Faults that accommodate subduction of one tectonic plate beneath another produce the largest and most destructive earthquakes and tsunamis on Earth -- such as the March 2011 M9.0 earthquake and tsunami in northern Japan. The increasing use of GPS techniques to measure deformation of tectonic plates at subduction zones has revealed that in some cases the subducting and overriding plates are locked or "coupled" together between large earthquakes due to friction along the fault, while other subduction plate boundaries tend to creep aseismically. Using GPS data from subduction zones in southwest Japan, New Zealand, and Vanuatu to document the degree of fault locking versus fault creep, Laura M. Wallace and colleagues show that a lateral change from aseismic creep to deep locking also correlates with a change in the tectonic behavior of the overriding plate from rifting to contraction. To explain this observation, they suggest that interactions between fluid pressure and the tectonic stress regime within the overriding plate may influence the degree of locking versus creep on the subduction interface fault. This new hypothesis may help to explain why some subduction zones lock up and produce great megathrust earthquakes while others do not.
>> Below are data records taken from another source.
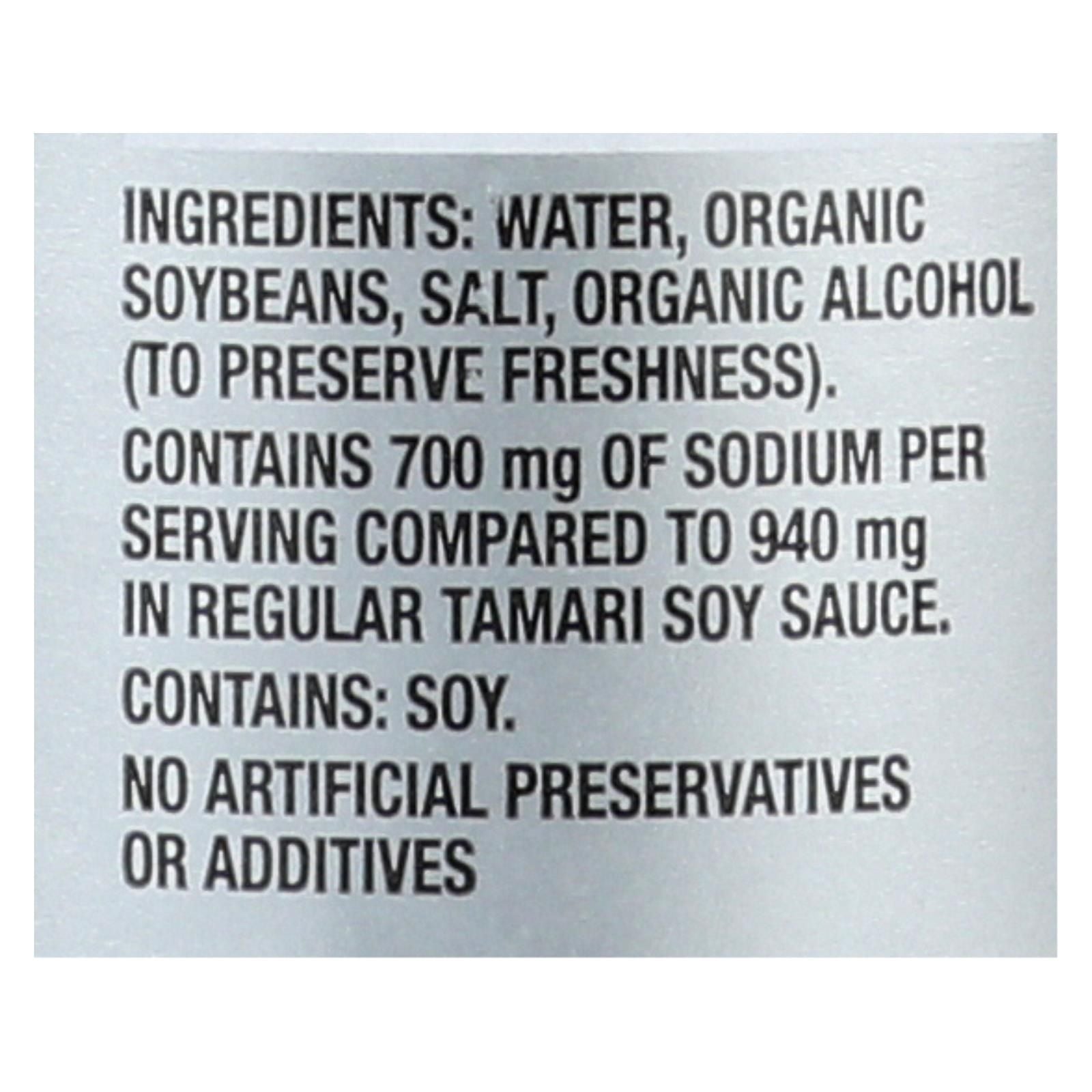 San - J Tamari Soy Sauce - Organic - Case Of 6 - 10 Fl Oz. image 3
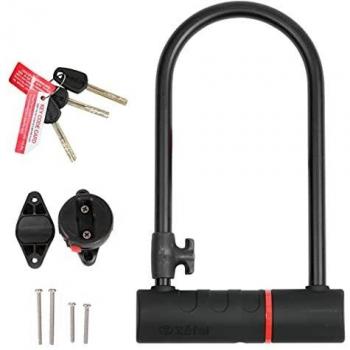 Zefal K-Traz U17 Candado rigido, Negro, 115x230, 14mm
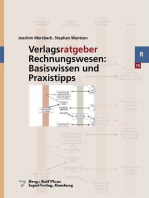 Verlagsratgeber Rechnungswesen: Basiswissen und Praxistipps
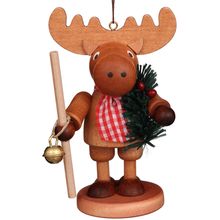 13-0705 - Christian Ulbricht Ornament - Elk - 5"H x 3"W x 2.25"D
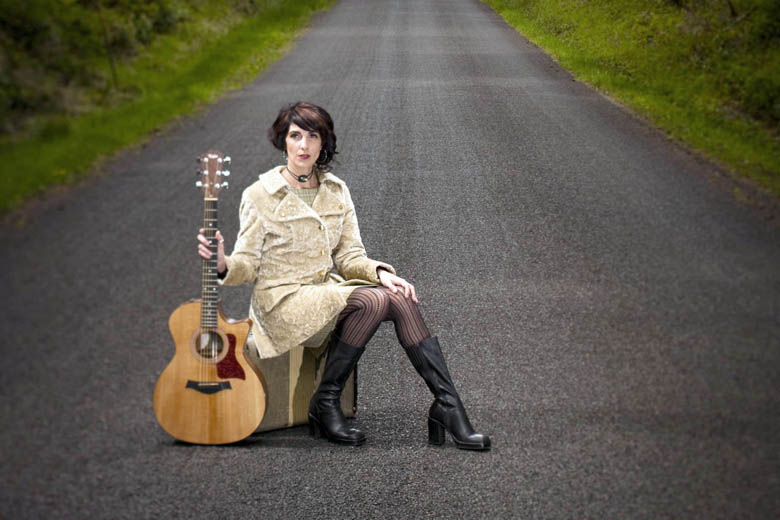 Folk songstress Carrie Clark arrives in Coyle this Sunday. (Laurie Clark)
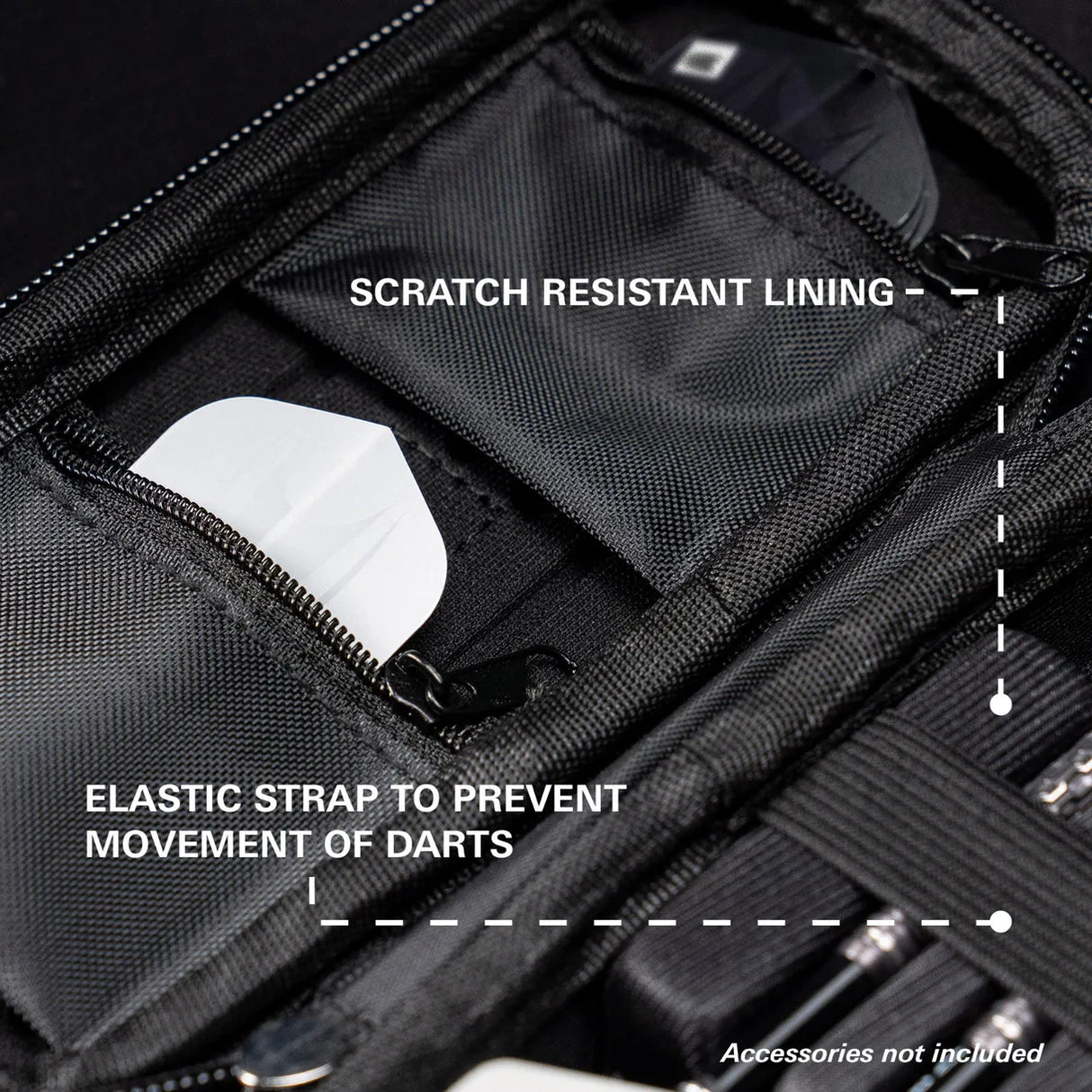 Target - Takoma Rob Cross Ghost Darts Case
Thickness of the chemical weathering zone and implications for erosional and climatic drivers of weathering and for carbon-cycle feedbacks
A. Joshua West, Dept. of Earth Sciences, University of Southern California, 3651 Trousdale Parkway, Los Angeles, California 90089, USA. Posted online 23 July 2012; doi: 10.1130/G33041.1.
The thin veneer at Earth's surface, known as the Critical Zone, plays host to a range of chemical reactions that are critical for generating and sustaining the resources that support life and shape the natural environment. The chemical breakdown of minerals -- known as chemical weathering -- is one of the most important of these chemical reactions. Until now, little has been known about where chemical weathering takes place, with soils typically thought to define the most important interface across which rocks break down chemically and physically. The analysis presented here challenges this assumption, indicating that chemical weathering takes place across a distributed zone that is often at least partly hosted in soils, but may also include bedrock, for example along fractures at depth. As a result, even landscapes with minimal soil may generate significant weathering fluxes. Moreover, because the total flux of material associated with erosion is high in these settings, they may play disproportionately important roles in global geochemical cycles. The ultimate message is that just because landscapes don't have soils doesn't mean that they are not significant players in the global exchange between the solid rock that makes up the bulk of the Earth and the life-sustaining surface.